New Jersey Governor Chris Christie and his challenger State Senator Barbara Buono had their first televised debate on Tuesday, October 8, 2013. A debate that was poorly narrated, logistically challenged and did not allow for a good exchange of ideas or debate.
Each candidate was allowed one minute to answer each question and 30 seconds for a rebuttal. It covered a wide range of topics that are hotbed issues in the Garden State but were turned into nothing more than sound bites with little exchange of ideas or substance by either candidate. This was not at the fault of either Buono or Christie but by the very nature and design of the debate. At times both candidates look frustrated that they could not complete their answer or elaborate. As I have written all along the campaign season, Buono’s campaign has had a hard time getting noticed and being taken seriously, she has even lost the endorsement of 49 elected democrats to Christie as pointed out by Narrator Kristine Johnson who challenged Buono on that very point,.
Buono stated “this is a blue state and people are just beginning to focus on the race and I will tell you this I’ve had a lot of opportunity in this state. I grew up and was on my own since I was 19, my dad was an immigrant from Italy and that opportunity wasn’t republican or democrat, the people who are really going to go to the polls and vote aren’t politicians that have their back room politics and deals behind closed doors Buono was then cut off and asked if she would like more help from Washington democrats and President Obama himself, which Buono answered but did not directly answer if she would want Obama to come campaign for her.
Johnson then set her sights on Christie, which sounded more like a cross examination than it did a spirited debate as she asked him about his straight talk and name calling which is a subject that seems to divide voters who find it either unbecoming or refreshing. Johnson asked Christie if this was setting a good example for children.
Christie responded “what the people of N.J. want is someone who is real and will tell them the truth as he sees it and that’s what I’ve done for four years. I’ve looked people in the eye and told them the truth, sometimes truth that they are uncomfortable with, sometimes truth that they didn’t necessarily want to hear, but that is what leadership is about. It’s about telling people the truth as you see it and you know at the end of the day from my perspective, I think if people had the choice between pre-packaged blow dried politicians or people who say it exactly the way it is I think they would pick the latter and I think that’s why we have had the success we’ve had. People have to know if they act a certain way, they are going to be called out on it and using direct and blunt language is something I’ve done my whole life, I am who I am and I’m not going to change.”
For the rest of the debate, the exchanges were sharp and both Christie and Buono took shots at one another but Christie did not let it get under his skin and was on his best behavior. There was one particular question that Buono made a blunder on and that was when each candidate was asked to say something nice about the other. Buono stated "He's good on late-night television, but bad for New Jersey." Christie seized the moment and took the high road and stated that Buono “is clearly a good and caring mother and credited her for serving the state for 20 years in the Legislature.

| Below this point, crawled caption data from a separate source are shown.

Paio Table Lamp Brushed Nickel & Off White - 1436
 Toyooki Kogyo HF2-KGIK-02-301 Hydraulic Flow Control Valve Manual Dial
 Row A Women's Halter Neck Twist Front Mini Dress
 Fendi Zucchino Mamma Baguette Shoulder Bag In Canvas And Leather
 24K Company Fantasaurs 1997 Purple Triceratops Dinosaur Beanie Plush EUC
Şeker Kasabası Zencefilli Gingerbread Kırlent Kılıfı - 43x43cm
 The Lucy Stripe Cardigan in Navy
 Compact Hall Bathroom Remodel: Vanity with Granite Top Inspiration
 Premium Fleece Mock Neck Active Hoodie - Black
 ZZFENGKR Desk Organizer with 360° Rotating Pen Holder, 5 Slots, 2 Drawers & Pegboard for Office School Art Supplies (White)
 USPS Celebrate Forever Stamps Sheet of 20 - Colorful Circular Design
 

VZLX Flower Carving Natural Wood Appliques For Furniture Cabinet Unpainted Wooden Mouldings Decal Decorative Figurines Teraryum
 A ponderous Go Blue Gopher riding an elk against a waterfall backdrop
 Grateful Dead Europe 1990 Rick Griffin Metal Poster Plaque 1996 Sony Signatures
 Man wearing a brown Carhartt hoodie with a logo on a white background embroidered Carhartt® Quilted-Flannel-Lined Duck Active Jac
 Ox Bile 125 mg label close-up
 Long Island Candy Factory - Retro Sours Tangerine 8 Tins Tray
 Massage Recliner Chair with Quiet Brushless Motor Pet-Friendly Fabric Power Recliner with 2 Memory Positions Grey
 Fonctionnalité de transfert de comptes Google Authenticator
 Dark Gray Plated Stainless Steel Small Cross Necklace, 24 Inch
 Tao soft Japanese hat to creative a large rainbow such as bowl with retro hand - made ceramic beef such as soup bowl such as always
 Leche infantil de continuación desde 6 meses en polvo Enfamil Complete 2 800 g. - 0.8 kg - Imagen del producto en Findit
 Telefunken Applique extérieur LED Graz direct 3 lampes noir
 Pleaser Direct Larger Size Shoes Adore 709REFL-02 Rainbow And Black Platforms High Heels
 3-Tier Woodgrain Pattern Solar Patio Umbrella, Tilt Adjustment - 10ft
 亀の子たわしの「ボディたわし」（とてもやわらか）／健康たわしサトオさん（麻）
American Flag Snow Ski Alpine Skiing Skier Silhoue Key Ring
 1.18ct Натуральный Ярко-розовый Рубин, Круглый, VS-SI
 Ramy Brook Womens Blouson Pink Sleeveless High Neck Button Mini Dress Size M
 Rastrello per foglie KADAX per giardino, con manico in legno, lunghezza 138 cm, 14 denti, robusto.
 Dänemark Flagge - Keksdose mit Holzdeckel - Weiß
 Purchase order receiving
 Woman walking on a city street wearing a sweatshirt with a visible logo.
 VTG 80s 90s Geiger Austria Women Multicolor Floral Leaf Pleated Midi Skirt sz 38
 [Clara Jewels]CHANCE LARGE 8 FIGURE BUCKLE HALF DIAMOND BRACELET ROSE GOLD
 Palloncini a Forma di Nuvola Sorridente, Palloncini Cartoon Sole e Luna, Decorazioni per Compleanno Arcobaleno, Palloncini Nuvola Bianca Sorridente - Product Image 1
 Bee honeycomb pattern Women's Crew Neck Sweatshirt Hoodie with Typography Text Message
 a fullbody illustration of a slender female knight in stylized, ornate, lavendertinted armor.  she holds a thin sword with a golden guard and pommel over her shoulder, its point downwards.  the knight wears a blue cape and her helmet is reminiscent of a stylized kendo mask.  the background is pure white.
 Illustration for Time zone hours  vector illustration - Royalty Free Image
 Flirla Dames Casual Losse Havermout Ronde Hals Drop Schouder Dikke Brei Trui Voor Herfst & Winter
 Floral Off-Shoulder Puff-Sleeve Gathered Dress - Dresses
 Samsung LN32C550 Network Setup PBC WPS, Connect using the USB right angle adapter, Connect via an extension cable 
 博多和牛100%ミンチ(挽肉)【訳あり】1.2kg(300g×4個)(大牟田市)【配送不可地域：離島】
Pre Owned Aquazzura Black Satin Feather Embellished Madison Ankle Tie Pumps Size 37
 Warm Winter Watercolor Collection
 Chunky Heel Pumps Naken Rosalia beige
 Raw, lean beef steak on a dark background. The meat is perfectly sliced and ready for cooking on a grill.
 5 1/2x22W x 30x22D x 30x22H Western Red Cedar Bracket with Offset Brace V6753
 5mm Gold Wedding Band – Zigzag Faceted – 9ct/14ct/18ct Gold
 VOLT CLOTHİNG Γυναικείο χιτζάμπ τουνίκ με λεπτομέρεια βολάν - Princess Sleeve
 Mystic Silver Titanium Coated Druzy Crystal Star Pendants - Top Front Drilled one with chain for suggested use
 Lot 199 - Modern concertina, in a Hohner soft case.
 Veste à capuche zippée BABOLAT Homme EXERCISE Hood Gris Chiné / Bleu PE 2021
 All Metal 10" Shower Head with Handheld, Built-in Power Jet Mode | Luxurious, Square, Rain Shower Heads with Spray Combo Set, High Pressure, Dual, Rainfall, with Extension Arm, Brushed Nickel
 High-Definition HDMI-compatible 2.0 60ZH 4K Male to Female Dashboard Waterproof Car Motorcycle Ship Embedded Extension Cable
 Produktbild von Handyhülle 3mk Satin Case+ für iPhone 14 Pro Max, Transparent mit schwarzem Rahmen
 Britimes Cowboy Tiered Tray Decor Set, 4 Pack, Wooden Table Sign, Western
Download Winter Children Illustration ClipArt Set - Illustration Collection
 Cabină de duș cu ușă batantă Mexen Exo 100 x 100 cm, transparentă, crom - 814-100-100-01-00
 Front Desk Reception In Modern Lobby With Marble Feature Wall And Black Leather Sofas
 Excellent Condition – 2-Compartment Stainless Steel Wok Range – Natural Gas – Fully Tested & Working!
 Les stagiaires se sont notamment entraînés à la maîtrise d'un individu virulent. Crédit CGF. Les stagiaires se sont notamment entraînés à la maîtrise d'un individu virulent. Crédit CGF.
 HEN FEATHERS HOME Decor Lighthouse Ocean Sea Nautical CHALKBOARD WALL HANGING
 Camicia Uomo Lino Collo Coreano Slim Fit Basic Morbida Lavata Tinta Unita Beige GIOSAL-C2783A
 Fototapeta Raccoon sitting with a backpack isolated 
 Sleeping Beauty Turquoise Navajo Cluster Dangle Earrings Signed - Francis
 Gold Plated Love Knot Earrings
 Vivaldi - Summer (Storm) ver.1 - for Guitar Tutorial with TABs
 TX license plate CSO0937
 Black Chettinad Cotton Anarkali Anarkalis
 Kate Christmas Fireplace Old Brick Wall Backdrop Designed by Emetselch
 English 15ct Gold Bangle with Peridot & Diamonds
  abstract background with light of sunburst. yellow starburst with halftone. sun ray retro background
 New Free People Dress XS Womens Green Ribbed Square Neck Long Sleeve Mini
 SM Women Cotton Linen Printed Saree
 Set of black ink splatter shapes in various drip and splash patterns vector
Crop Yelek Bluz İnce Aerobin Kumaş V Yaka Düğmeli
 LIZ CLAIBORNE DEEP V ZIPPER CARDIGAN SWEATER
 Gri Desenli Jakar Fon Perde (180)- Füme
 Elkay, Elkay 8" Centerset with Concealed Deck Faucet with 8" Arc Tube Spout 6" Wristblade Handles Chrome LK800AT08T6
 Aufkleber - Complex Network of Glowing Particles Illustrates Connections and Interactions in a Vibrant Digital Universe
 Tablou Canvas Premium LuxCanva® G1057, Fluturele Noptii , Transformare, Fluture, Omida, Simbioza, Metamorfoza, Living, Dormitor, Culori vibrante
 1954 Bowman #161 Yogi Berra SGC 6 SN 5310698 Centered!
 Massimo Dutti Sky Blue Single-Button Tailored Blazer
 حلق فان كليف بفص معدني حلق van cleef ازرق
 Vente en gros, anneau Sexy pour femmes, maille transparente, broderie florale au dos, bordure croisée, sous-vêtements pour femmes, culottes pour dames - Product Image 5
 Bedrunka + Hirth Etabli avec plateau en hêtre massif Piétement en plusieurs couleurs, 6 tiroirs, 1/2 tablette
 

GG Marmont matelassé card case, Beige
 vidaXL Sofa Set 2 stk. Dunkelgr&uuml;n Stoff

Buono needed a knockout blow, this was her final chance to grab the momentum from Christie and put some life into a campaign that is crashing and burning only weeks away from Election Day, she fell far short of that goal. All Christie had to do was hold his own and he did. Neither Christie nor Buono won or lost this debate, the real loser were the voters of New Jersey that were cheated by a debate that was short on substance and one that did not allow for a sincere and meaningful debate on the meat and potatoes of the issues.